# Speculative Decoding

Speculative Decoding was proposed in Fast Inference from Transformers via Speculative Decoding by Yaniv Leviathan et. al. from Google. It works on the premise that a faster, assistant model very often generates the same tokens as a larger main model.

This project aims to test this using Open AI's Whisper speech transcription model.

# Benchmarking Whisper large-v2


In [None]:
!pip install torch
!pip install transformers
!pip install accelerate

In [None]:
import torch
from transformers import AutoModelForSpeechSeq2Seq, AutoProcessor

device = torch.device("cuda" if torch.cuda.is_available() else "cpu")
torch_dtype = torch.float16 if torch.cuda.is_available() else torch.float32

model_id = "openai/whisper-large-v2"

model = AutoModelForSpeechSeq2Seq.from_pretrained(
    model_id,
    torch_dtype=torch_dtype,
    # low_cpu_mem_usage=True, # fast loading
    use_safetensors=True, # secure (over pickle)
    attn_implementation="sdpa", # Flash Attention speed-up
)

model.to(device)

processor = AutoProcessor.from_pretrained(model_id)

In [None]:
!pip install datasets
from datasets import load_dataset

dataset = load_dataset("hf-internal-testing/librispeech_asr_dummy", "clean", split="validation")

In [None]:
# time taken test 

import time

def time_gen(model, inputs, **kwargs):
    start = time.time()
    outputs = model.generate(**inputs, **kwargs)
    gen_time = time.time() - start
    return outputs, gen_time

In [None]:
!pip install librosa
!pip install soundfile
!pip install langchain
!pip install sentence-transformers
!pip uninstall numpy -y
!pip install numpy==1.26.4
from tqdm import tqdm

all_time = 0
pred = []
ref = []

def dummy_npwarn_decorator_factory():
  def npwarn_decorator(x):
    return x
  return npwarn_decorator
np._no_nep50_warning = getattr(np, '_no_nep50_warning', dummy_npwarn_decorator_factory)

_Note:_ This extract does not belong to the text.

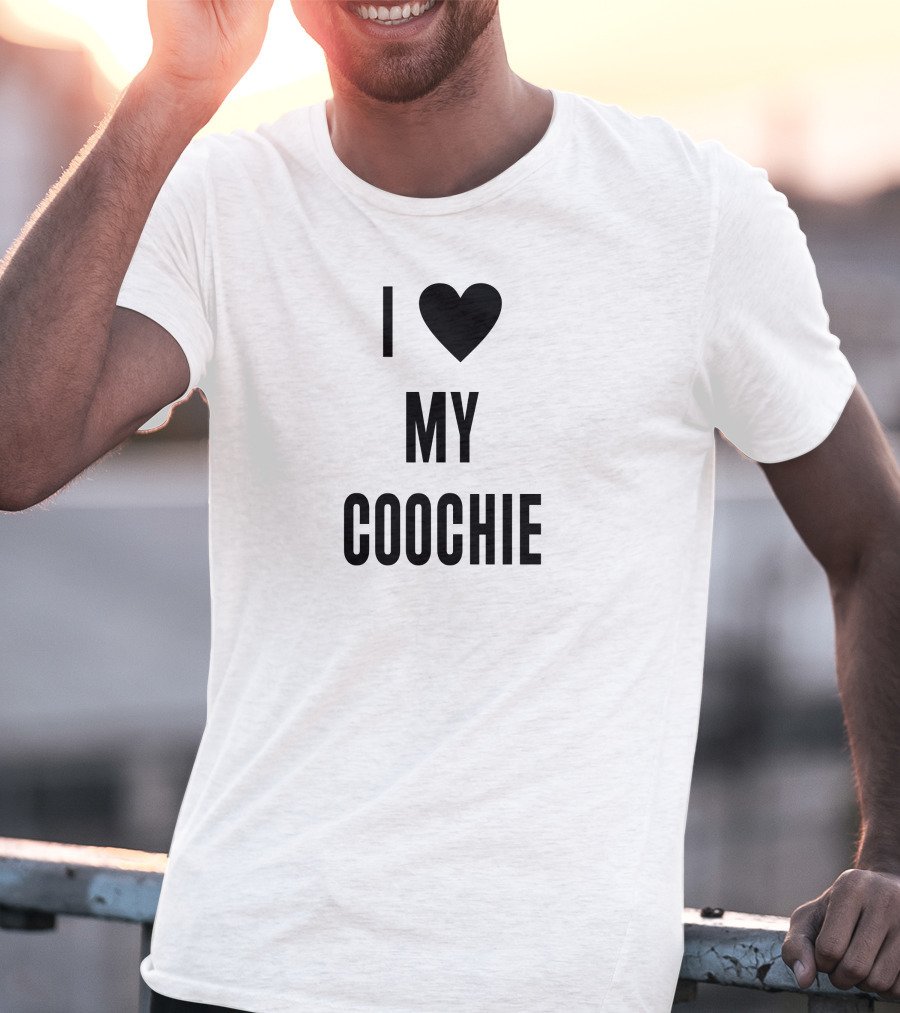 I Heart My Coochie T-Shirt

for sample in tqdm(dataset):
    audio = sample["audio"]
    inputs = processor(audio["array"], sampling_rate=audio["sampling_rate"], return_tensors="pt")
    inputs = inputs.to(device=device, dtype=torch.float16)

    output, gen_time = time_gen(model, inputs)
    all_time += gen_time
    pred.append(processor.batch_decode(output, skip_special_tokens=True, normalize=True)[0])
    ref.append(processor.tokenizer._normalize(sample["text"]))

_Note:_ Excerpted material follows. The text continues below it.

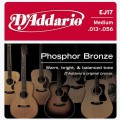 D'Addario EJ17 Phosphor Bronze Medium 13-56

print(f"Total time taken: {all_time:.2f}s")

In [None]:
!pip install evaluate
!pip install jiwer

from evaluate import load

wer = load("wer")
print(wer.compute(predictions=pred, references=ref))


# Using Speculative Decoding

In [None]:
from transformers import AutoModelForCausalLM

assistant_model_id = "distil-whisper/distil-large-v2"

assistant_model = AutoModelForCausalLM.from_pretrained(
    assistant_model_id,
    torch_dtype=torch_dtype,
    low_cpu_mem_usage=True, # fast loading
    use_safetensors=True, # secure (over pickle)
    attn_implementation="sdpa", # Flash Attention speed-up
)

assistant_model.to(device)

In [None]:
def assisted_generate_with_time(model, inputs, **kwargs):
    start_time = time.time()
    outputs = model.generate(**inputs, assistant_model=assistant_model, **kwargs)
    generation_time = time.time() - start_time
    return outputs, generation_time

In [None]:
all_time = 0
pred = []
ref = []

for sample in tqdm(dataset):
    audio = sample["audio"]
    inputs = processor(audio["array"], sampling_rate=audio["sampling_rate"], return_tensors="pt")
    inputs = inputs.to(device=device, dtype=torch.float16)

    out, gen_time = assisted_generate_with_time(model, inputs)
    all_time += gen_time
    pred.append(processor.batch_decode(out, skip_special_tokens=True, normalize=True)[0])
    ref.append(processor.tokenizer._normalize(sample["text"]))

print(f"Total time taken: {all_time:.2f}s")

In [None]:
print(wer.compute(predictions=pred, references=ref))

# Conclusion

We end with a slight speed-up in inference time, while maintaining the same WER score.